Crisis (of faith) averted

Thursday, October 9, 2008

A couple weeks ago, conservatives were having a crisis of faith. The economy was heading into free fall, and everyone was saying it was deregulation's fault. McCain was suspending his campaign and rushing to Washington like a crazy man, and the House Republicans were supporting a nonsense plan that knocked 10% off the retirement accounts of millions of Americans in just a few days.

For the first time in decades, conservatives were being forced to ask themselves "Could our way of looking at the world be wrong?" They were suffering enormous amounts of what psychologists call "cognitive dissonance" - that angry, lost feeling a teenager feels when he first realizes his parents are jerks. They knew, deep down in their hearts, that liberals had to be at fault for all of this mess, they just couldn't quite figure out how.

Two weeks later, conservatives are safely back in the bubble. They managed to stitch together a narrative that explains how the economic crisis is completely the fault of the same people conservatives believe are at fault for everything. This New Narrative is a rickety thing, held together by bad logic and leaps of intuition. But it's all conservatives have got right now.

The New Narrative goes something like this: liberal Democrats forced the federal government, through Fannie and Freddie, to give mortgages to blacks (and maybe Hispanics) who couldn't afford to pay those mortgages back. Voila - economic crash.

This narrative is very convenient because it blames the crisis on A) blacks, and B) liberal Democrats. Especially convenient because Barack Obama is both of those. The message went out via talk radio and Fox News, and sure enough, within a week conservatives all across the country believed this New Narrative as if it were the Gospel of Jesus. Bill O'Reilly was calling for criminal investigations of Barney Frank and Chris Dodd (Democratic legislators who deal with financial matters). Saturday Night Live came out with a skit portraying black subprime borrowers and shysty Jewish mortgage lenders as "people who deserve to be shot."

Of course, back in the real world, it's obvious that the New Narrative is 100% pure Grade A pasteurized homogenized horseshit. See Daniel Gross for the full list of reasons why, but here's a quick rundown:

1) The Community Reinvestment Act, which encourages mortgage lending to minorities, was passed in the 70s. Subprime lending began in the late 90s and took off in the 2000s.

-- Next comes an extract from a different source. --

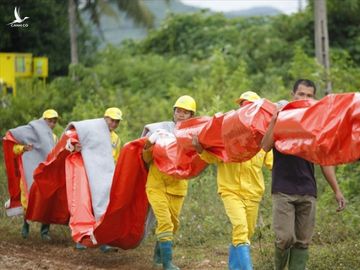 Cty nước Sông Đà lắp lưới lọc dầu sau 1 tuần xảy ra sự cố đổ trộm dầu thải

2) Barney Frank and Chris Dodd, the men O'Reilly wants to put behind bars, had zero control over financial policymaking from 1994-2006, when all the subprime lending took place, because Republicans held all those committee chairmanships.

3) If the problem was government-forced loans to minorities, why didn't bankers recognize that these loans were trash, and treat them like toxic waste? Fannie and Freddie sure didn't force Lehman Brothers to buy billions of dollars of those mortgages.

4) In fact, Fannie and Freddie didn't get into subprime lending until 2005 (almost 30 years after the Community Reinvestment Act was passed!). And they started their subprime lending under a Republican congress.

So yes, the New Narrative of "blame the blacks and liberals" is in fact horseshit. But it accomplished its purpose - allowing conservatives to put their hands back over their ears and resume screaming "Lalalalalala, there's nothing wrong with our ideas, lalalalalala!!!" Crisis of faith averted.